*ABOUT THIS TASK*:
After finding "3-in-1 Convertible Chair" in the material below, output its line and every line after it through the last, exactly, but not the pictures.

*DATA EXCERPT*:

━━━━━━━━━━

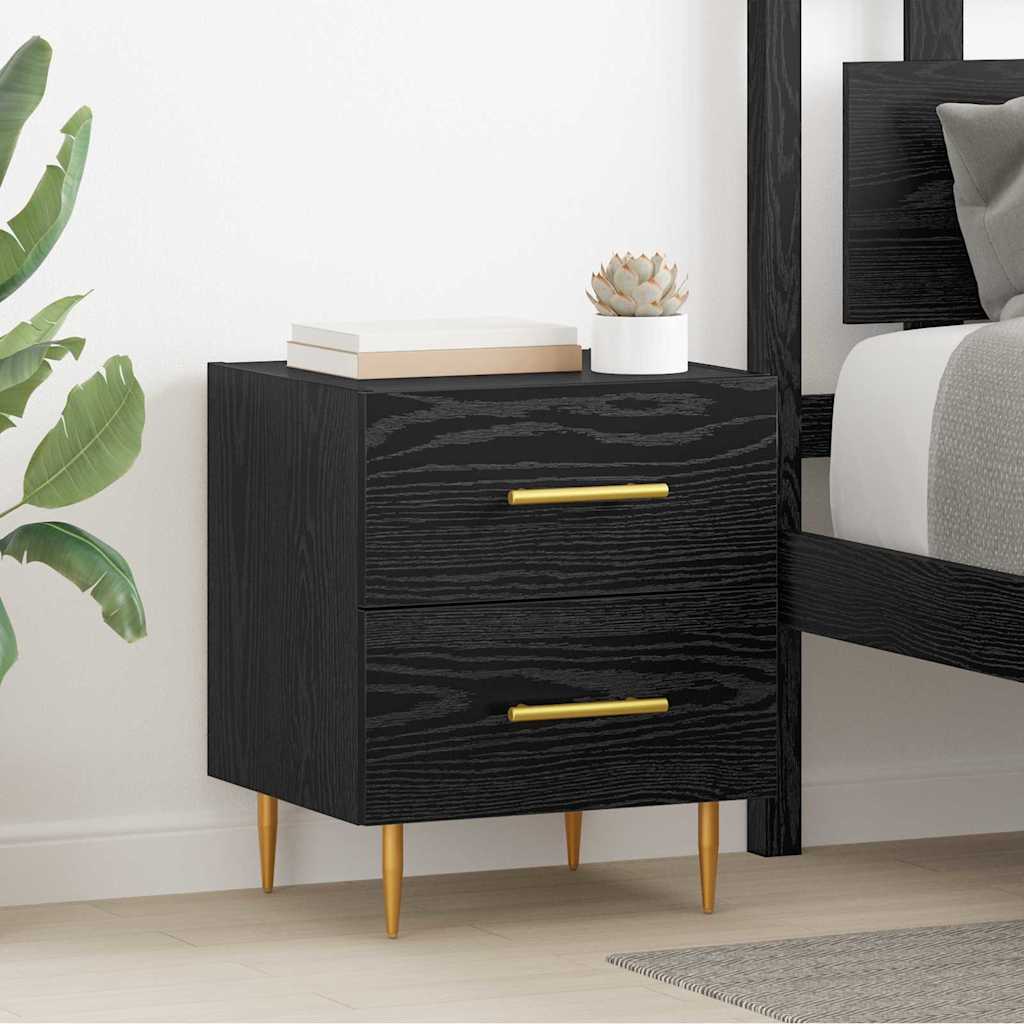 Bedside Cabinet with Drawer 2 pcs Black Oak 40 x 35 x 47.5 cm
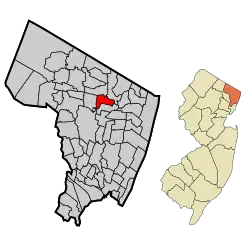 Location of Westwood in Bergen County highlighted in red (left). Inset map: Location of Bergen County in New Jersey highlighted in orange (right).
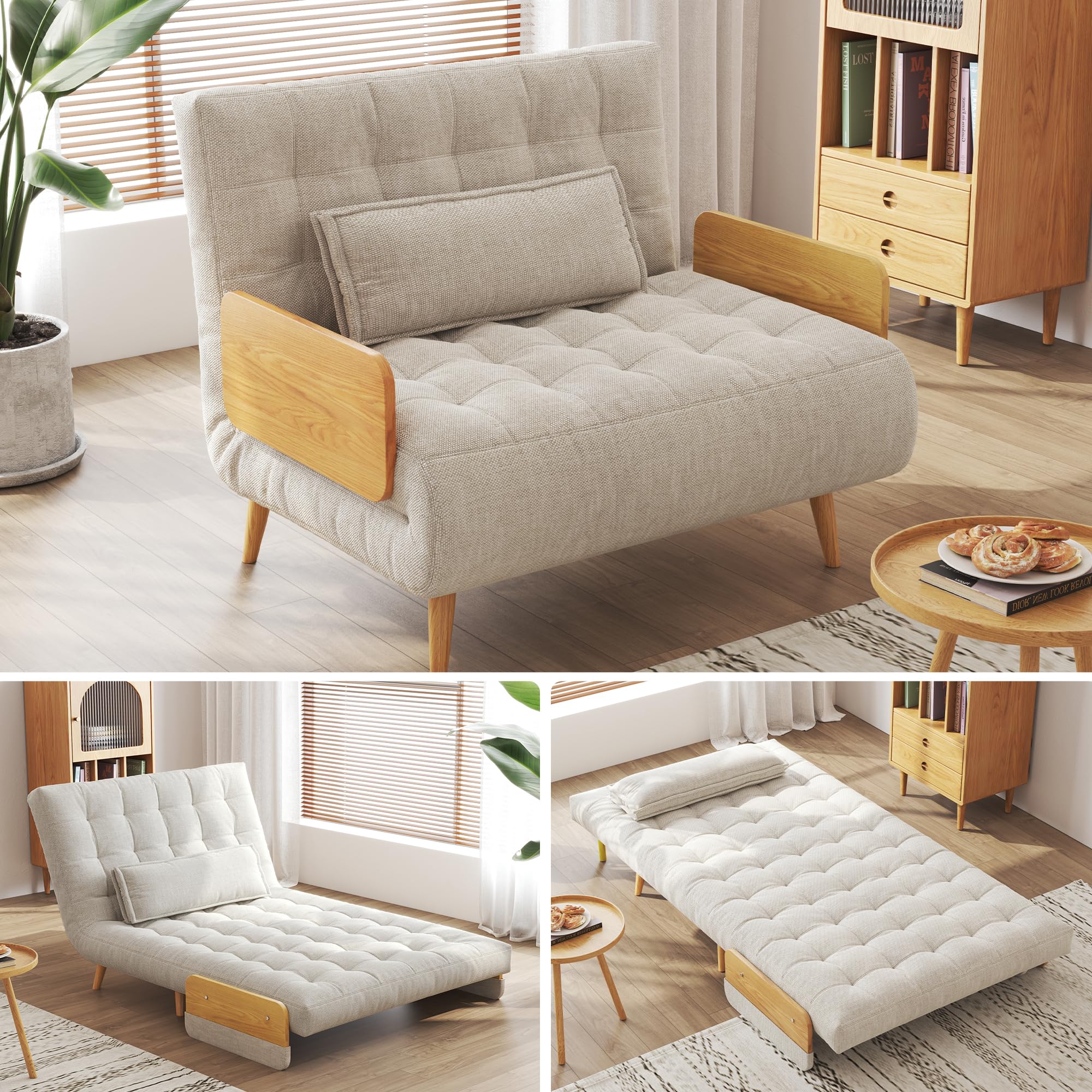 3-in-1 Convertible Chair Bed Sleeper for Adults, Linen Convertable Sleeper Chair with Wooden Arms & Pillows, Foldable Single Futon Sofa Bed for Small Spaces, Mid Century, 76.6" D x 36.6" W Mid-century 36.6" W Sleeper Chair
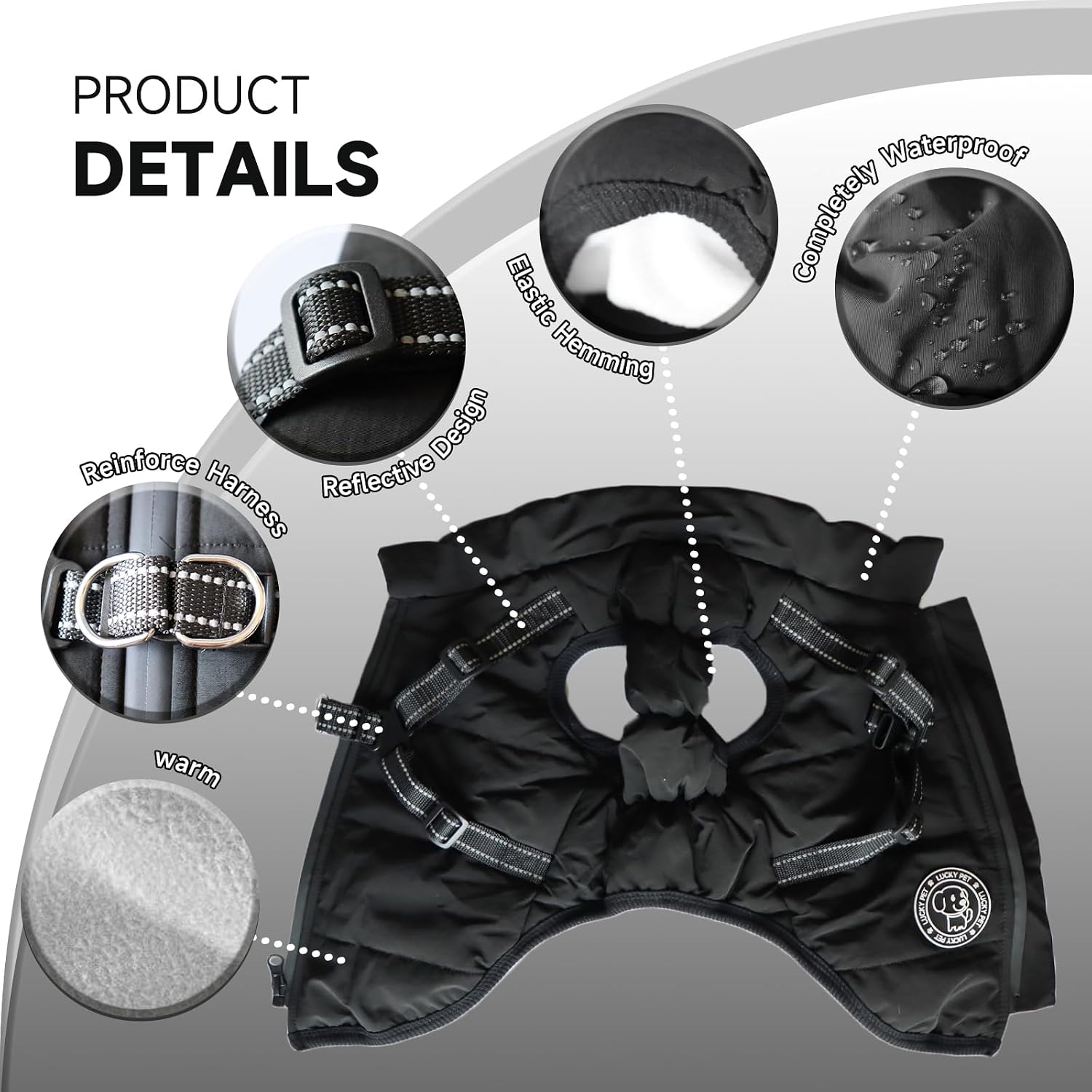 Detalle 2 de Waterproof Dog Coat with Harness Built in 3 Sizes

━━━━━━━━━━

*ANSWER*:
 3-in-1 Convertible Chair Bed Sleeper for Adults, Linen Convertable Sleeper Chair with Wooden Arms & Pillows, Foldable Single Futon Sofa Bed for Small Spaces, Mid Century, 76.6" D x 36.6" W Mid-century 36.6" W Sleeper Chair
 Detalle 2 de Waterproof Dog Coat with Harness Built in 3 Sizes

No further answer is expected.